Apoptosis substrates of Akt. The protein kinase Akt (PKB) is activated in response to second-messengers produced by PI3K, a lipid kinase that is activated by many growth factor receptors and oncoproteins. PTEN is a lipid phosphatase that prevents accumulation (more...)

In recent years, evidence of hyper-activity of kinase Akt has been found for many types of human cancers.^{200, 218} The Akt protein contains a PH domain which binds phospholipid second-messengers produced by Phosphatidyl-Inositol 3′ Kinase (PI3K). Elevations in the levels of these lipid second-messengers result in recruitment of Akt to the plasma membrane, where it becomes activated by phosphorylation.²¹⁸ These phospholipid second-messengers are destroyed by PTEN, a lipid phosphatase and important tumor suppressor.
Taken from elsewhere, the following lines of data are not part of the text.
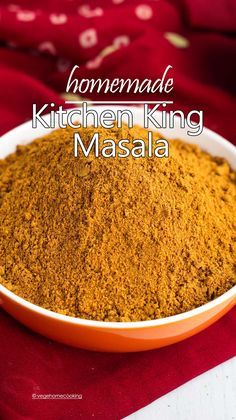 homemade kitchen king masala in a bowl on top of a red table cloth with the words homemade kitchen king masala above it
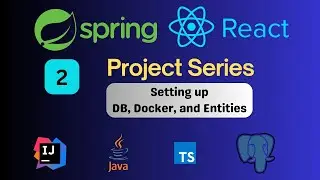 Spring Boot React Project - DB, Docker Compose setup with Environment variables | Entities & DTOs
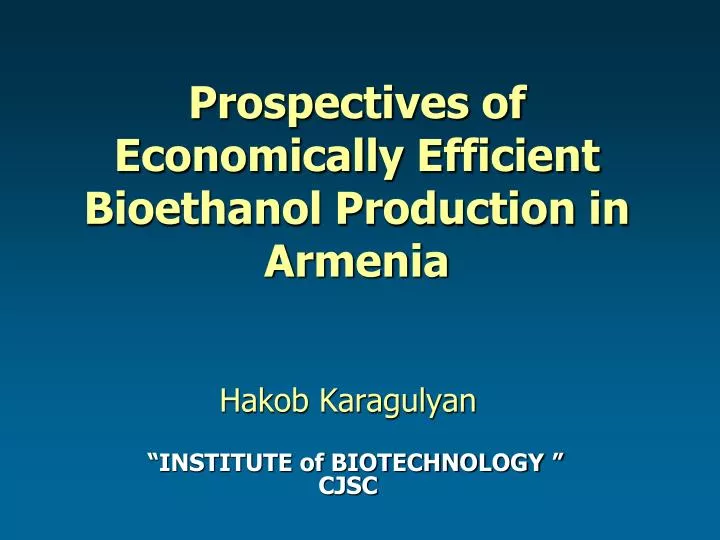 prospectives of economically efficient bioethanol production in armenia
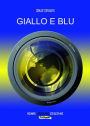 Giallo e blu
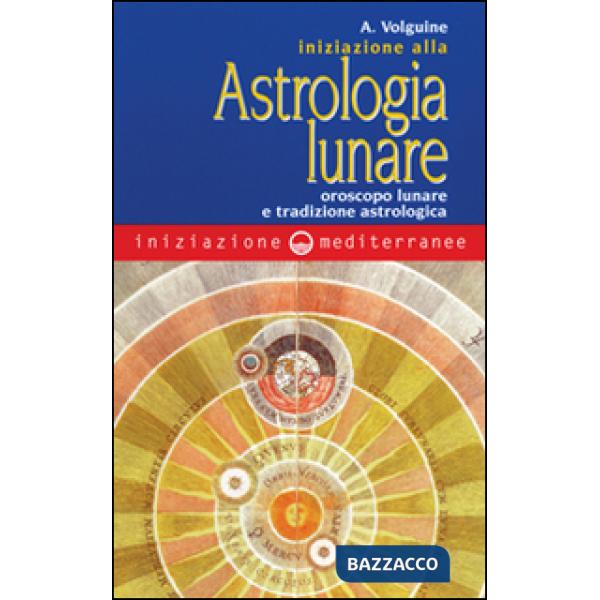 Iniziazione all'astrologia lunare. Oroscopo lunare e tradizione astrologica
Deletions and somatic point mutations that inactivate PTEN occur commonly in cancers.²¹⁸ Other mechanisms for deregulating Akt activity have also been described in cancers, including amplification of the AKT2 gene in breast and ovarian cancers, and over-production of an Akt-binding protein called Tcl1, as a result of chromosomal translocations in T-cell pro-lymphocytic leukemia (T-PLL). Consequently, Akt has emerged as an attractive candidate for drug discovery, using small-molecule compounds to target the ATP-binding site of the kinase, thereby inhibiting its catalytic activity.